Summary
Today, integration is as much a part of America’s public school system as Friday night football and the senior prom. But the United States has not always opened the doors of its schools to all races. School integration occurred through the tireless efforts of countless men and women who took their ideals and dreams about America and what it represents and worked to make them not only the law of the land, but acceptable to the vast majority of citizens. Brown v. Board of Education: Integrating America's Schools is the story of one of the most important Supreme Court decisions of the 20th century. This book is an in-depth chronicle of the relentless legal campaign launched by the NAACP and a persistent black lawyer named Thurgood Marshall, and how it changed history forever.
Specifications
Full-color photographs. Glossary. Sidebars. Chronology/Timeline. Further reading. Bibliography. Source notes. Index.
About the Author(s)
Series consulting editor and author Tim McNeese is an associate professor of history at York College in York, Nebraska, where he has taught for 15 years.

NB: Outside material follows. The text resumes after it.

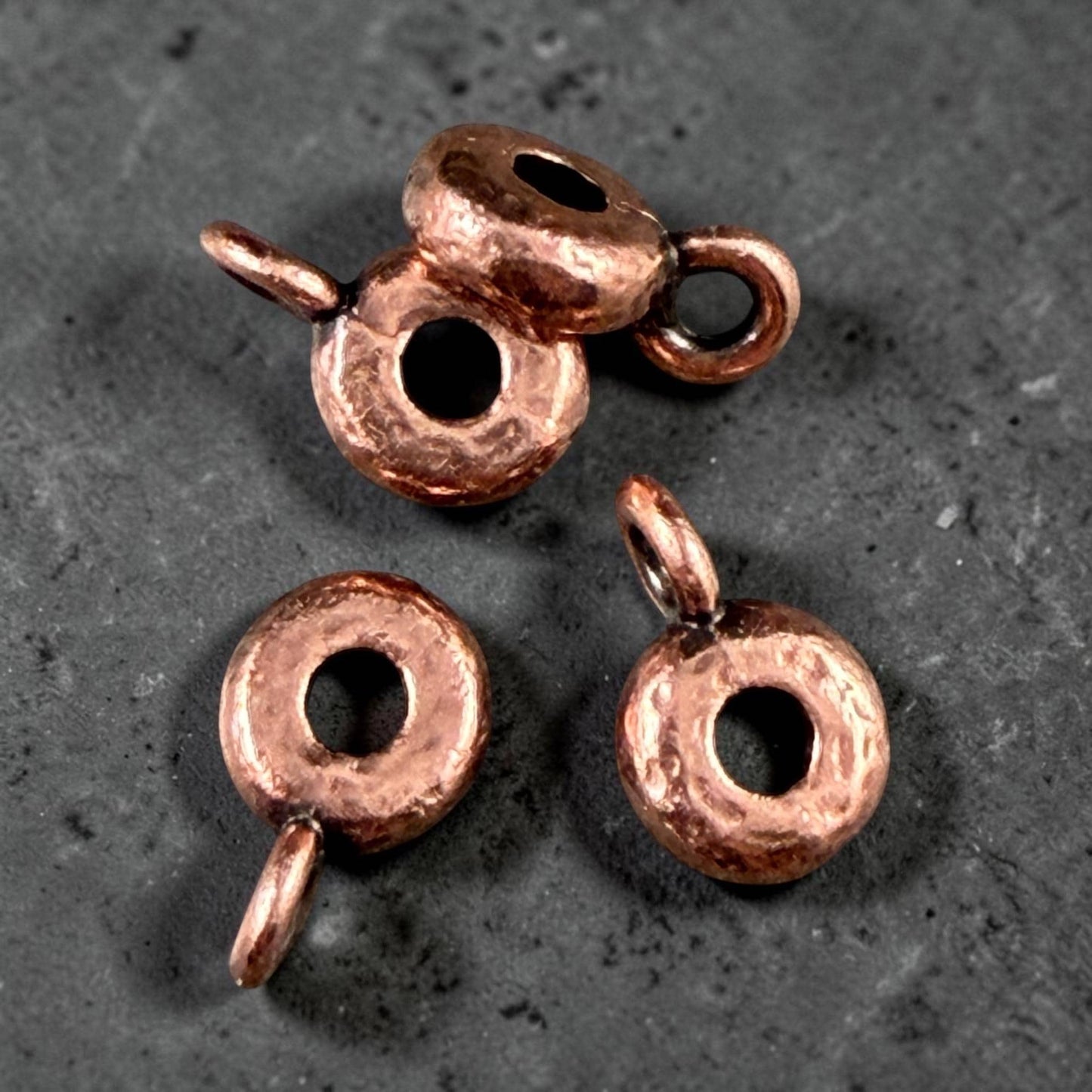 TierraCast Hammered Spacer Bead with Bail Loop, 8x3mm Spacer 2.75mm Hole (PF/892-87.lt) * Qty. 4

Professor McNeese earned his Associate of Arts degree from York College, a B.A. in history and political science from Harding University, and an M.A. in history from Missouri State University. A prolific author, McNeese has published more than 100 books and educational materials for elementary, middle school, high school, and college readers over the past 20 years, on everything from Alexander Hamilton to the siege of Masada. His writing has earned him a citation in the library reference work Something About the Author. In 2005, his textbook Political Revolutions of the 18th, 19th, and 20th Centuries was published. Professor McNeese served as a consulting historian for the History Channel series Risk Takers, History Makers: John Wesley Powell and the Grand Canyon.